Cornerrollo diario
Ya desde pequeño, cuando
aún era un animalillo adorable, todo rizos de oro, grandes ojos azules, medida
estándar para la edad y monos setenteros de reparador de calderas como
vestuario, me dio por empezar a leer. Mucho. Muchísimo.
Con el tiempo, perdí la adorabilidad, mi pelo se oscureció y la
medida estándar quedó por debajo de la media. Aun así, conservé esos enormes y
arrebatadores ojos azules. Y me dio por seguir leyendo. Mucho. Muchísimo.
Y entonces la naturaleza,
que es muy sabia, pero también tocacojones, decidió que ya había disfrutado
demasiado de esa ventaja genética, y decidió dotarme de un astigmatismo de
caballo. No, no hablo de cruces ensangrentadas y pústulas supurantes en la
frente en forma de corona de espino. Lo más similar, un morado en la espinilla
que, de lado, se parecía un poco a Gallardón en una sesión de depilación “cejera”.
Hablo del fenómeno que
comprende la orgía alfabetizada, o en palabras simples (pero menos divertidas)
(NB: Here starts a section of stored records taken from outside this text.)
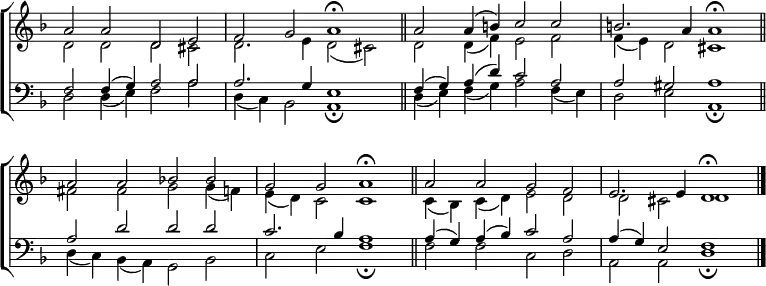 \new ChoirStaff <<
\new Staff { \clef treble \time 4/2 \key d \minor \set Staff.midiInstrument = "church organ" \omit Staff.TimeSignature \set Score.tempoHideNote = ##t \override Score.BarNumber #'transparent = ##t
\relative c''
<< { a2 a d, e | f g a1 \fermata \bar"||" a2 a4( b) c2 c | b2. a4 a1 \fermata \bar"||" \break
a2 a bes! bes | g g a1 \fermata \bar"||" a2 a g f | e2. e4 d1 \fermata \bar"|." } \\
{ d2 d d cis | d2. e4 d2( cis) | d d4( f) e2 f | f4( e) d2 cis1 |
fis2 fis g g4( f) | e( d) c2 c1 | c4( bes) c( d) e2 d | d cis d1 } >>
}
\new Staff { \clef bass \key d \minor \set Staff.midiInstrument = "church organ" \omit Staff.TimeSignature
\relative c
<< { f2 f4( g) a2 a | a2. g4 e1 | f4( g) a( d) c2 a | a gis a1 |
a2 d d d | c2. bes4 a1 | a4( g) a( bes) c2 a | a4( g) e2 f1 } \\
{ d2 d4( e) f2 a | d,4( c) bes2 a1 \fermata | d4( e) f( g) a2 f4( e) | d2 e a,1 \fermata |
d4( c) bes( a) g2 bes | c e f1 \fermata | f2 f c d | a a d1 \fermata } >>
}
>>
\layout { indent = #0 }
\midi { \tempo 2 = 54 }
que se te junten las letras.
Y fue entonces cuando
empezó el calvario de las gafas. Podéis imaginaros que lo último que yo quería,
era ocultar esos imanes azules que había recibido de herencia familiar (nadie
los tiene en la familia, pero siempre me ha dado reparo preguntar por el butanero).
Los primeros tiempos, elegí monturas finas que me daban un aire de profesor
universitario. Problema. Eran metálicas y se clavaban en la nariz como si
quisieran excavar un pozo para encontrar la fuente de la eterna “mocabilidad”.
Pasó la época pastillera,
y llegó la gafapastera. Cansado de tener marcas similares a las que hacen los
extraterrestres en los campos de trigo (que deben ser la versión alienígena del
Telesketch) me pasé a ese tipo de gafas, mucho más ligeras. Duraron poco. No
soportaba que tanta pasta ocultara esas dos gemas azules (más que nada porque
mi personalidad apestaba bastante, era un tirillas y medía metro y medio, con
lo que no tenía mucho más cebo que utilizar)
Llegaron las gafas
invisibles. Estupendas, ligeras, transformando mi azul en lapislázuli
celestial. Pero en poco tiempo estaban totalmente ralladas. Pasaron meses antes
de comprender que mis libros de texto no estaban censurados por una extraña
Agencia del Control del Intelecto, y que eso que veía, eran tan solo rayotes.
Ya desesperado y bastante
harto de mi azulada pasión, decidí pensar qué quería de unas gafas. La
respuesta fue: que cuando bajes la mirada, sigan ahí. Ah, sí amigos, después de
tanta tontería, lo único que quería era que, al estar leyendo estirado en la
cama, la montura no obstaculizara la lectura. Y eso hice. Salí del óptico con
mis gafas Undostresianas y puedo decir que son la mejor compra que he hecho en
mi vida. ¿Son feas? ¡Mucho! ¿Me dan aspecto de compañero de Torrente? ¡Por
supuesto! Pero que delicia.
¡Un abrazote!
P.D. Podréis reconocerme
en los bares nocturnos porque mis ojos son Blaugranas.